In this letter, we present a GaAs HEMT epitaxial wafer with a specific structure and a monolithic detector chip featuring a dual-grid logarithmic antenna structure. To enhance the gain, we employ a hemispherical silicon lens, which was also simulated. Notably, the silicon lens can amplify the terahertz wave electric field’s focus at the center by up to 4.5 times. The module, integrated into the silicon lens package, achieves wide-band detection of 0.07–0.82 THz, with a responsivity of 2 kV/W and a NEP of 59 pW·Hz^−1/2 at a high frequency of 0.8 THz. We further improved the detector performance by applying a gate voltage to the channel, reducing the NEP to 30 pW·Hz^−1/2. Additionally, we conducted terahertz imaging experiments with the unit module and obtained high-frequency terahertz images. Our work has significant implications for exploring HEMT integrated modules’ application in the terahertz field.

Simulation and design

Figures 1A, B depicts the structure of the proposed detector. The detector is mainly composed of high-resistance silicon lens, GaAs HEMT antenna chip and readout circuit. All components are assembled in a metal shielded box, leaving space outside the lens, and three SMA port connectors.
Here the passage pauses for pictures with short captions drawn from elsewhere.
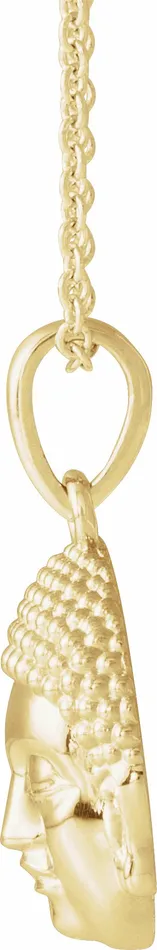 TreasureFineJewelers 14K Yellow Gold 147x105 mm Meditation Buddha 1618 Necklace Necklaces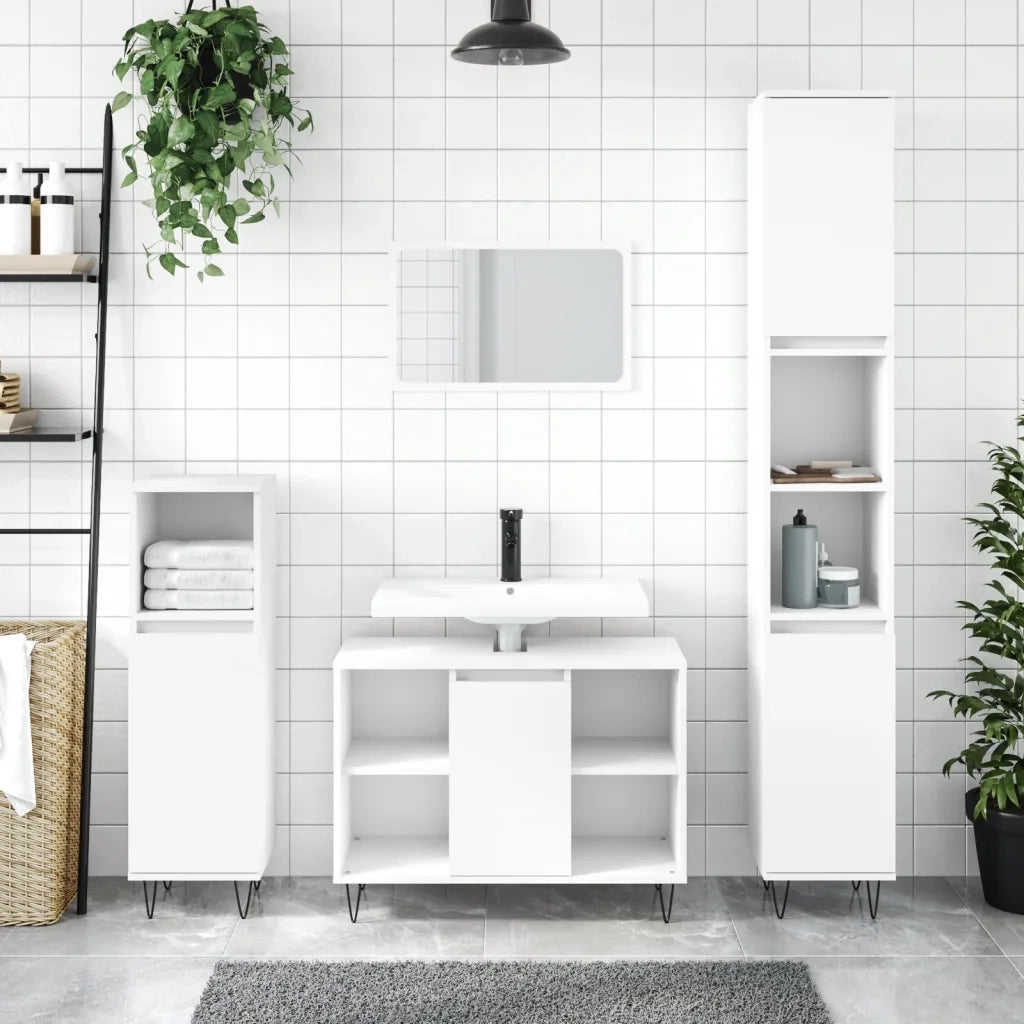 Set Mobili da Bagno 3 pz Bianco in Legno Multistrato 3190299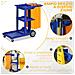Carrello Pulizie a 3 Ripiani con Ganci e Sacco da 100L, 121x50.5x96.5 cm, Blu Giallo e Grigio - Foto miniatura 3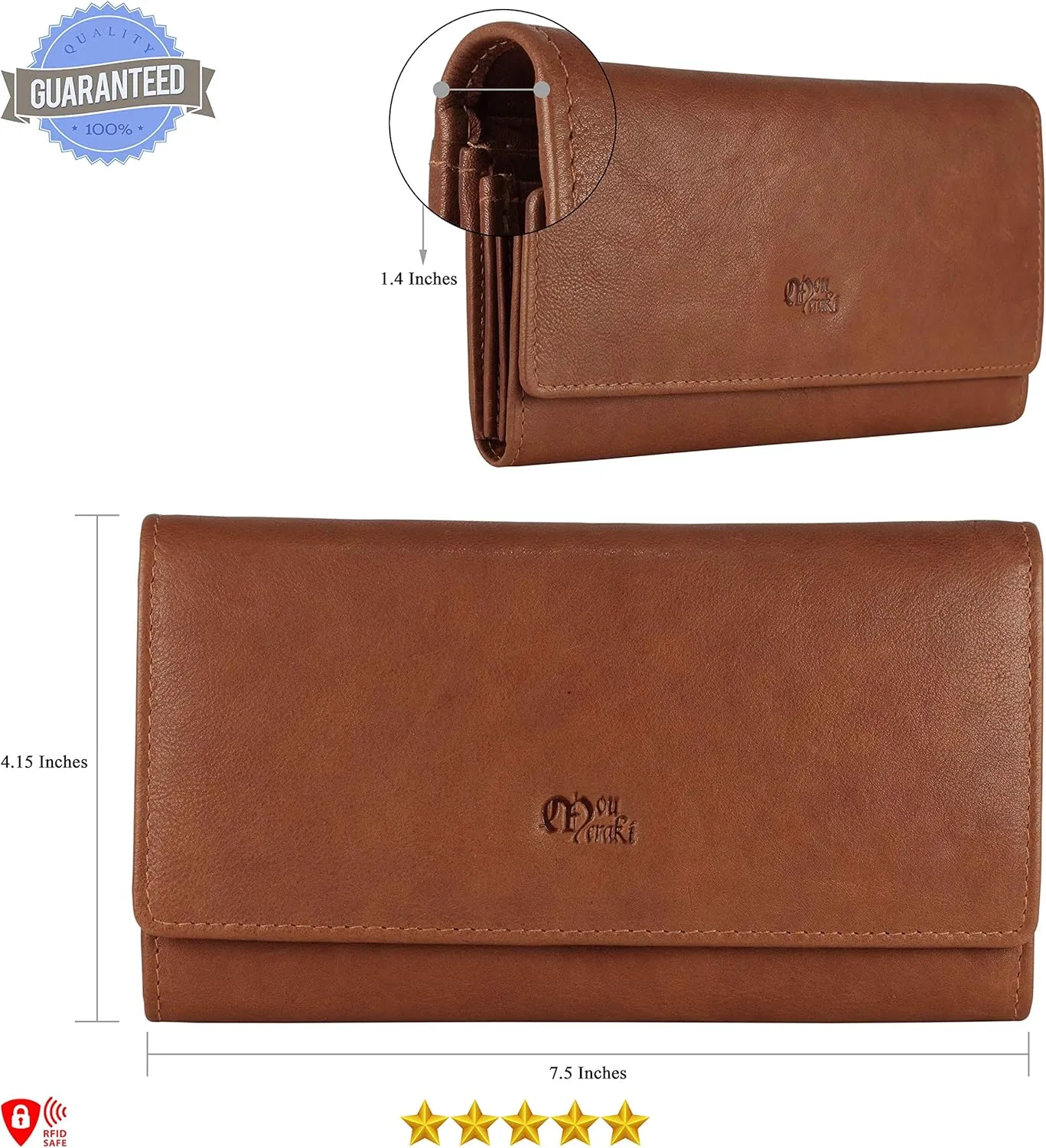 Mou Meraki Women RFID Blocking Genuine Leather Bifold Wallet-Clutch For Women-Shield Against Identity Theft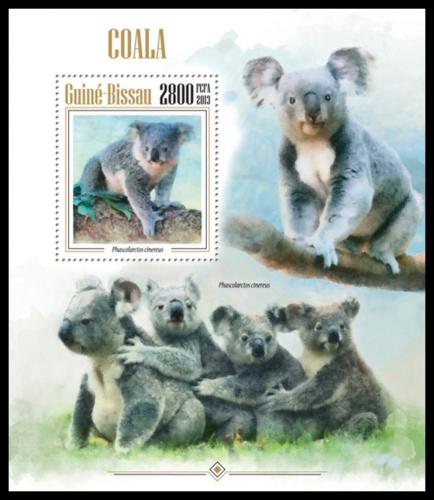 Poštová známka Guinea-Bissau 2013 Koala medvídkovitý Mi# Block 1192 Kat 11€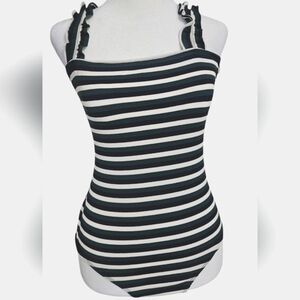 WISHLIST Teal/black/white ribbed sleeveless ruffle strap bodysuit.Size Small NWT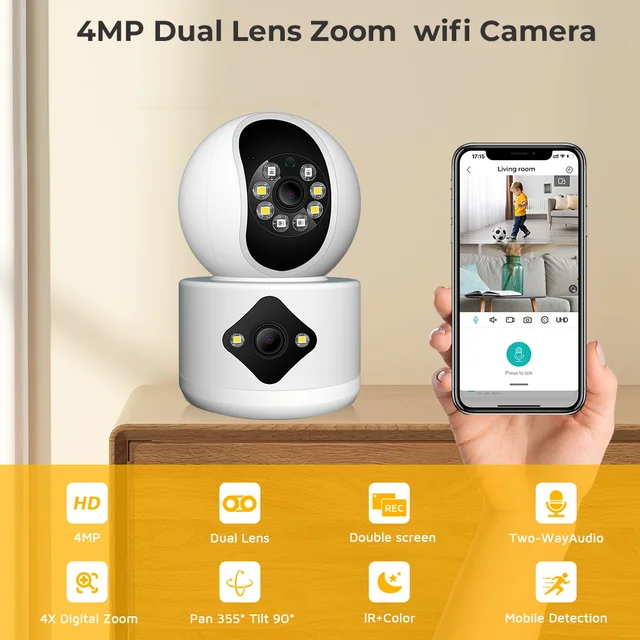 4MP Dual Lens WiFi Camera Dual Screen Baby Monitor Auto Tracking Ai Human Detection Indoor Home secuiryt CCTV Video Surveillance - Image 2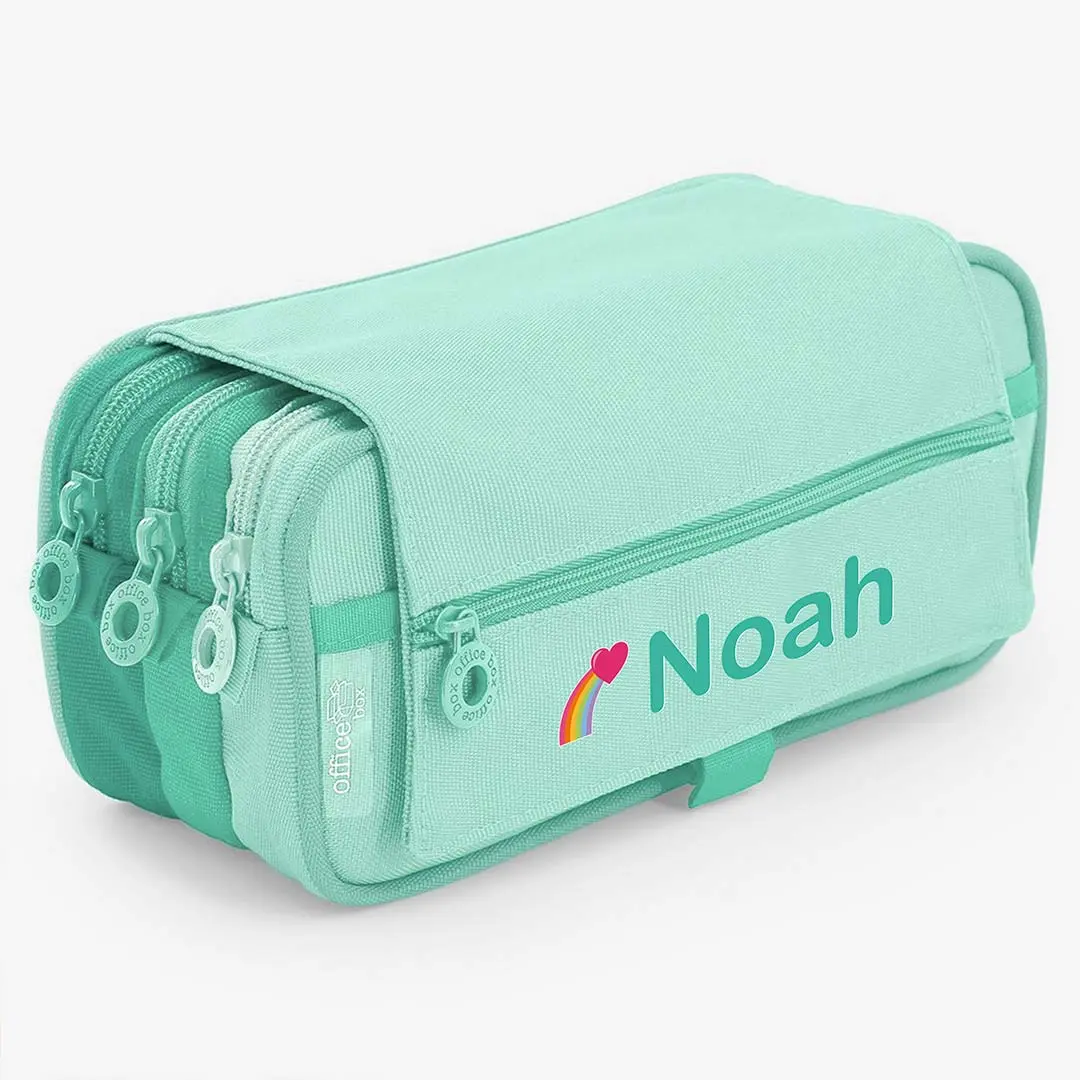 ersonalized Triple Pocket Pencil Case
The dielectric lens is held by the retaining ring, and the antenna chip is placed directly on the back of the lens as the main source. Based on the above design, the terahertz radiation from space is focused by the lens and received by the on-chip antenna in a back-illuminated manner. Supplementary Figure S1 shows a schematic diagram of our material structure (refer to the method for the specific structure), the two-dimensional electron gas concentration N_s = 2.4 × 10¹²/cm² of our material.

FIGURE 1

FIGURE 1. Module structure. (A) Silicon lens model design. (B) Component physical diagram and antenna structure diagram. (C) Antenna simulation result plot. Inset: Schematic diagram of the simulation parameters. (D) Schematic diagram of self-mixing detection.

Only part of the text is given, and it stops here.